L’autre derby de Prague fait peut-être moins parler à l’étranger, mais est tout autant disputé à chaque rencontre. En effet, le derby de Vršovice oppose le Slavia Prague à la troisième et dernière équipe de la capitale en D1 : les Bohemians 1905, décrit comme le club le plus populaire de la ville. Champion de Tchécoslovaquie en 1983, demi-finale de la coupe de l’UEFA cette même année, le club fait aujourd’hui plus parler par son logo avec un kangourou (hommage aux 2 kangourous ramenés d’une tournée en Australie en 1927) que par ses résultats, à la lutte pour le maintien.

Les supporters de Bohemians sont parmi les plus chauds du pays (Crédit : bohemians.cz)

Ce derby de Vršovice est avant tout un derby du quartier du même nom, les stades des 2 équipes étant séparés de seulement 1400 mètres. Mais c’est aussi et surtout un nouveau reflet de cette société inégale, où le petit Bohemians 1905, sauvé financièrement en 2005 par ses propres supporters, tente de se faire une place face au grand Slavia Prague, où l’argent chinois coule à flot.
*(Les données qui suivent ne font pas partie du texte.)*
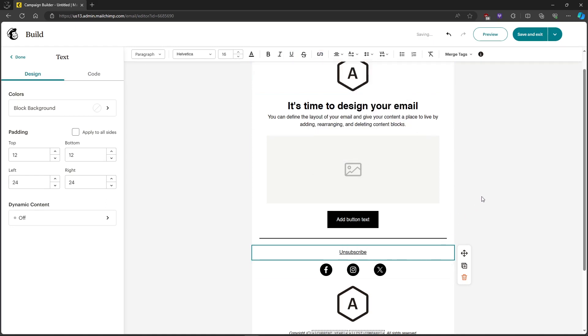And that's about it. That's how to add an unsubscribe link in Mailchimp. If you have any questions, please let me know down in the comments and I'll do my best to help you out.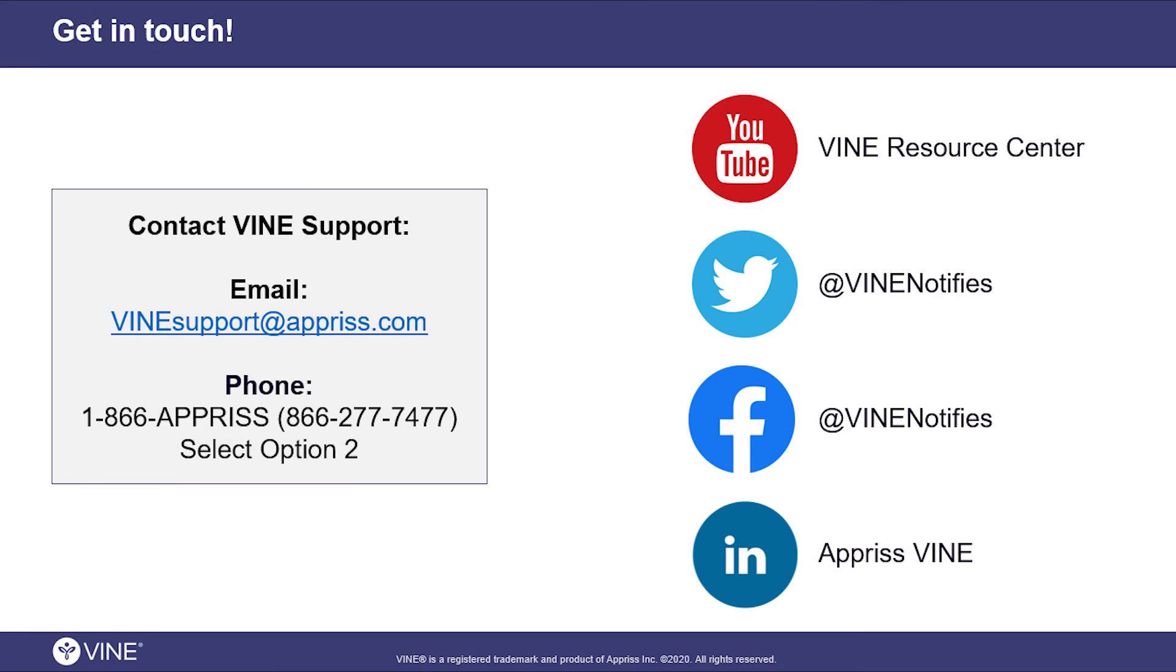For additional assistance with Vinelink, contact Vinelink support 24 hours a day by email or by dialing into the APRIS toll-free number. We also invite you to join the conversation and connect with us on YouTube, Twitter, Facebook, and LinkedIn.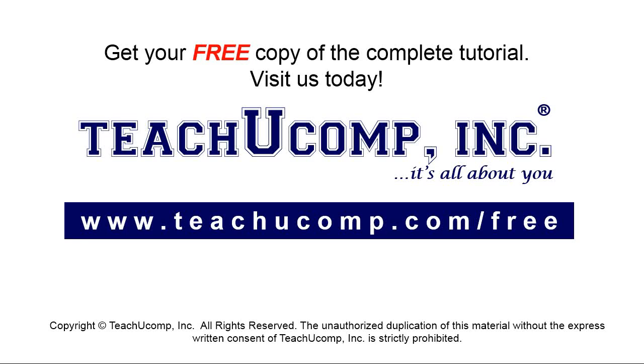Get your free copy of the complete tutorial at www.teachyoucomp.com forward slash free.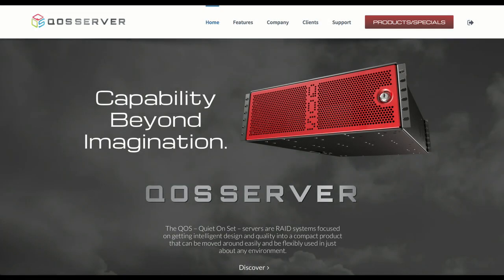QoS manufactures, rents, and sells a suite of blazing-fast server platforms on the PC. For more information, visit our website at www.qosserver.com.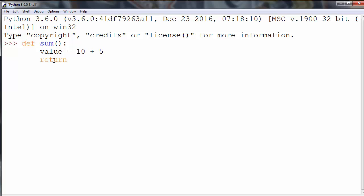So we'll say return. We're keeping in our variable value the sum of these two numbers, and when we want to call our function,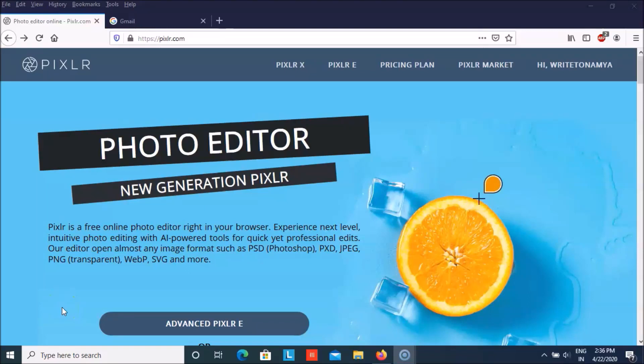Hello everyone, welcome back to Technocrat NJ and I am Namia back with another video for you. I know that you all like to do paint but I have brought a better option for you that is Pixlr.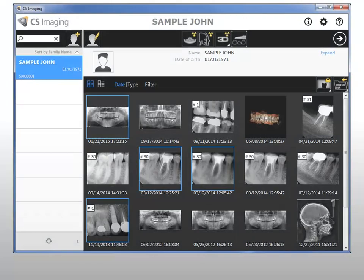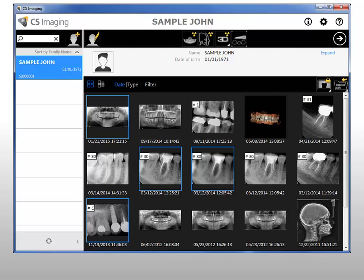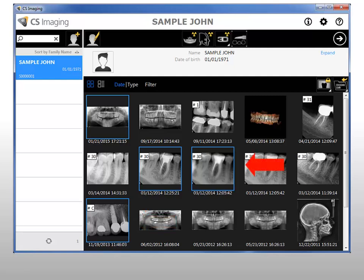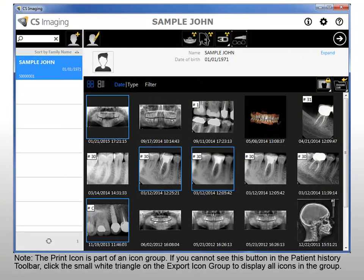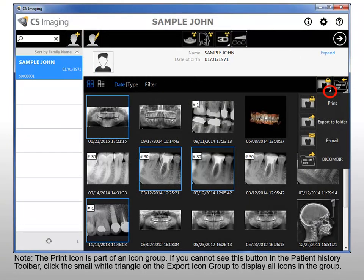Print an image. To print images from the patient browser, select the images you want to print. You can select multiple images using Ctrl-Click or click-and-drag over a group of images. In the Patient History toolbar, click Print Images. Your image selection is loaded into the CS Film Composer software. Use the CS Film Composer functions to print your image. Note, the print icon is part of an icon group. If you cannot see this button in the Patient History toolbar, click the small white triangle on the Export icon group to display all icons in the group.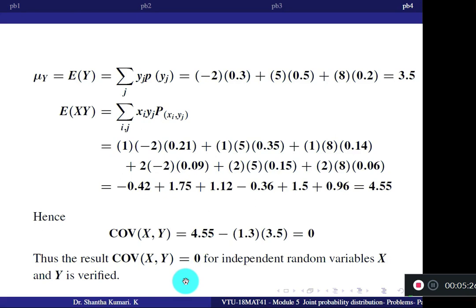So we worked out 4 problems. In the first 2 problems, joint probabilities were given and we found individual probabilities. In the third and fourth problems, individual probabilities were given with the condition that X and Y are independent, and using that condition we obtained joint probabilities. Remember: if X and Y are not independent, you cannot use individual probabilities to find joint probabilities. In the next session, I will cover different types of problems. Thank you.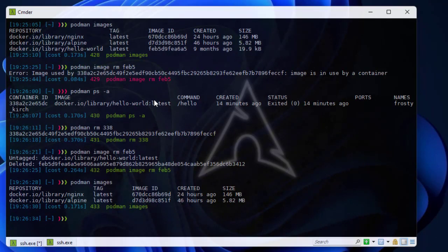That was a brief introduction to Podman — an alternative to Docker with enhanced security features. I hope it has been informative for you. Thank you for watching, bye-bye.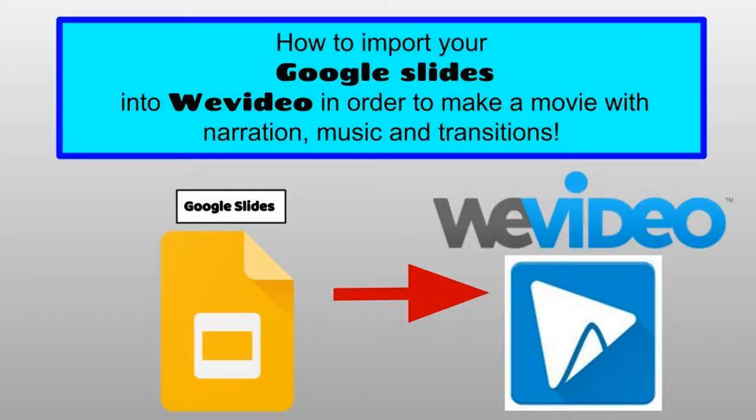How to import your Google Slides into WeVideo in order to make a movie with narration, music, and transitions.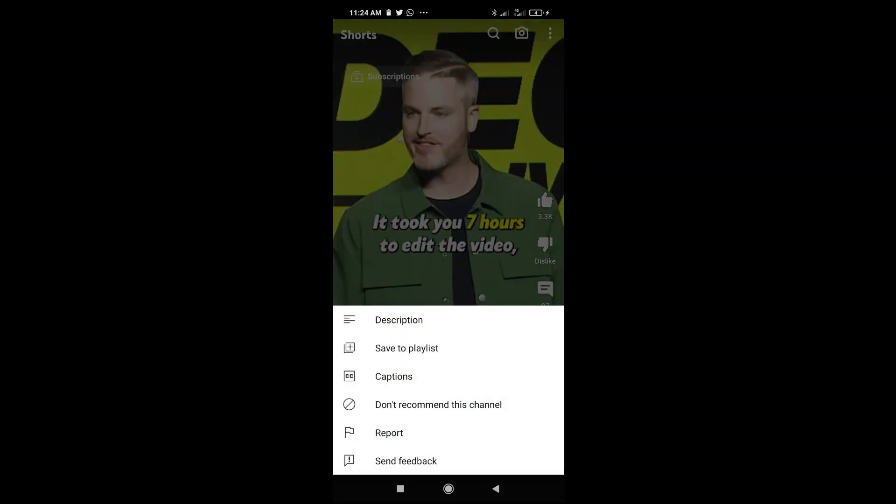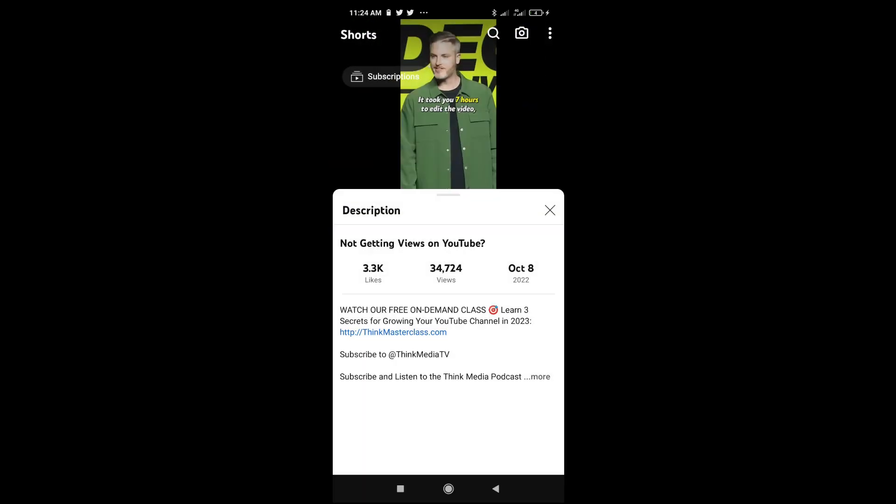When done, you'll see this description right here. Click on it to continue. Right now, as you can see, here is the description box of this video right here.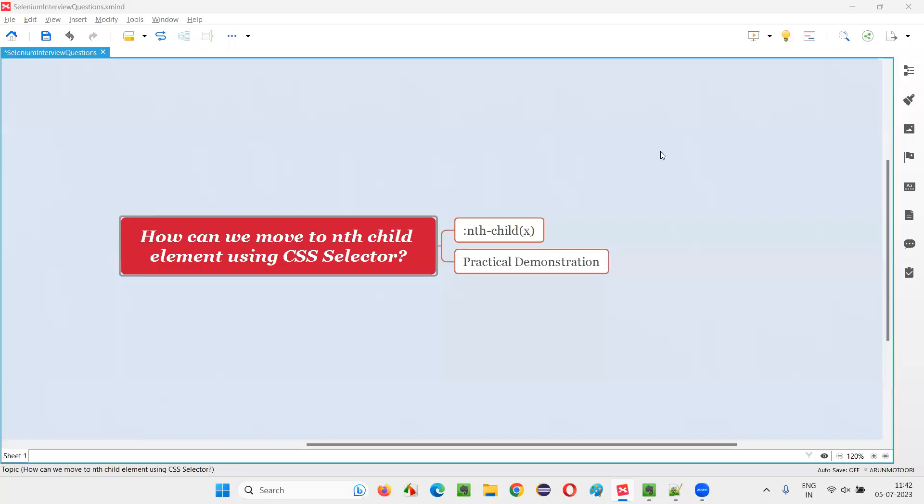Hello all. Welcome to this session. In this session, I am going to answer one of the Selenium interview questions. That is,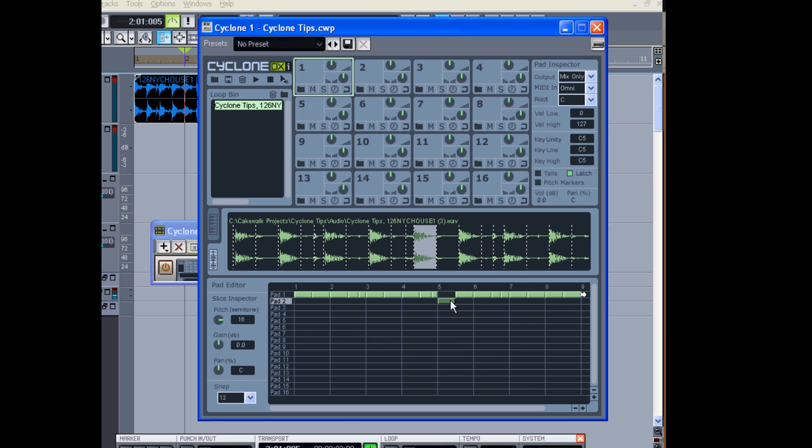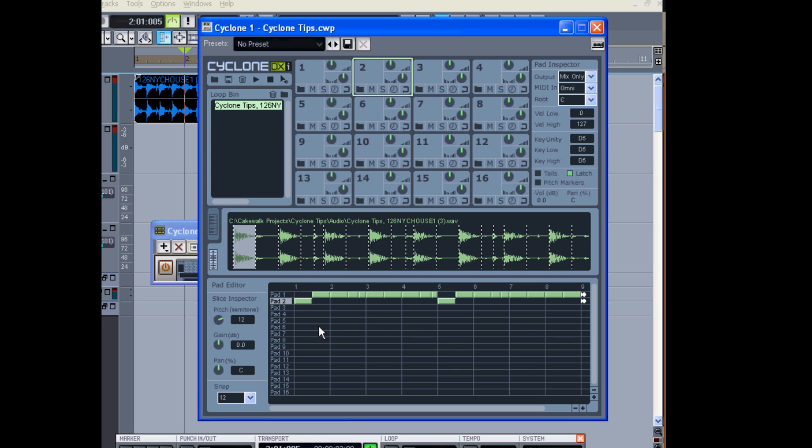Now I can also grab individual slices of the loop and move them to different keys. So when I press a key on the keyboard, it will sound the different sounds.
Le Dukla Praha, club le plus impopulaire du pays

Le dernier club qu’il est important de mentionner est le Dukla Praha, un autre club de Prague, mais en division 2 tchèque cette fois. Footballski raconte en détail l’histoire de ce club, marqueur de celle du pays mais aujourd’hui détesté. Pendant la Seconde Guerre Mondiale, la Tchécoslovaquie est marquée par le soulèvement de résistants slovaques contre le nazisme dans la ville de Banskà Bystrica. Avec le soutien de l’Armée Rouge, l’opération dénomée Dukla-Presôv permettra une victoire soviétique dans cette ville. En hommage, un club de Prague prend le nom de Dukla Prague.

Ni une ni deux, l’armée tchécoslovaque fait de ce club un passage obligé pour le service militaire des joueurs professionnels du pays. De plus, la règle « Ad Duklam » force les autres clubs à donner au moins un joueur au Dukla, de préférence le meilleur. Enfin, le Dukla Praha accède à la première division sans avoir à gravir les échelons. Si ces deux dernières règles sont critiquables, la première présentait des avantages : pour l’époque, continuer de jouer au foot au lieu de devoir surveiller les frontières était bien perçu, et le Dukla s’est mué en superbe centre de développement de joueurs avant le retour dans le club d’origine.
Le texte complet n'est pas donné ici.